Neil Tennant and Chris Lowe, collectively known as new wave electro-pop duo Pet Shop Boys, had been generating interest in the club scene for several years before their breakout single “West End Girls” catapulted them to international fame. In fact, the version of the song most of us have heard wasn’t the first time it was released as a single.
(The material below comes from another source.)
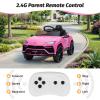SEGMART 12V Kids Ride On Car Licensed Lamborghini Urus Electric Car for Kids Vehicle Toy/Parent Remote Control, USB Port, AUX, Spring Suspension, Opening Door, LED Light (Pink) view 4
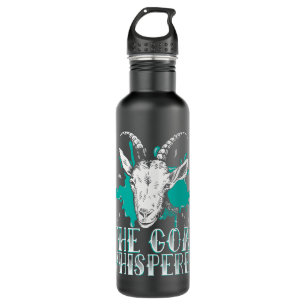 Funny Goat flüstern Funny Bauer Edelstahlflasche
Tennant and Lowe had previously met noted electro-music producer Bobby O, and recorded a number of tracks with him during 1983-1984. The original version of “West End Girls” was released April 9, 1984, and although it never charted (nor was it even available for sale in the U.S.), it became a hit in major dance clubs throughout Europe and the U.S., garnering the boys a lot of attention. When they eventually signed to EMI, the song was re-recorded and re-released in October 1985 (29 years ago this month). By the time it appeared on the duo’s debut album Please, the song had already shot to Number 1 on mainstream charts around the world.
Pet Shop Boys went on to have several other charting hits, and while most Americans associate them with 80s new wave, they continue to chart regularly in the U.K. and on the U.S. dance charts, with plans for a thirteenth studio album now in the works. However, their first hit continues to be their most memorable; “West End Girls” remains the duo’s best known and best-selling single to date.
Just for fun, I’ve shared both the original and charting versions of the song below. You’ll notice the arrangements are quite different between the two. In fact, if you know your 80s pop, you might hear something strangely familiar in the 1984 version—something lifted from another worldwide hit. Can you guess what it is?
(I’ve put the answer below the videos.) Enjoy!
WHAT IS FAMILIAR IN THE 1984 VERSION? Do you recognize the drumbeat? Yep: it’s the drum pattern from Michael Jackson’s “Billie Jean.” They lifted it and recorded the original version of “West End Girls” over the top of it.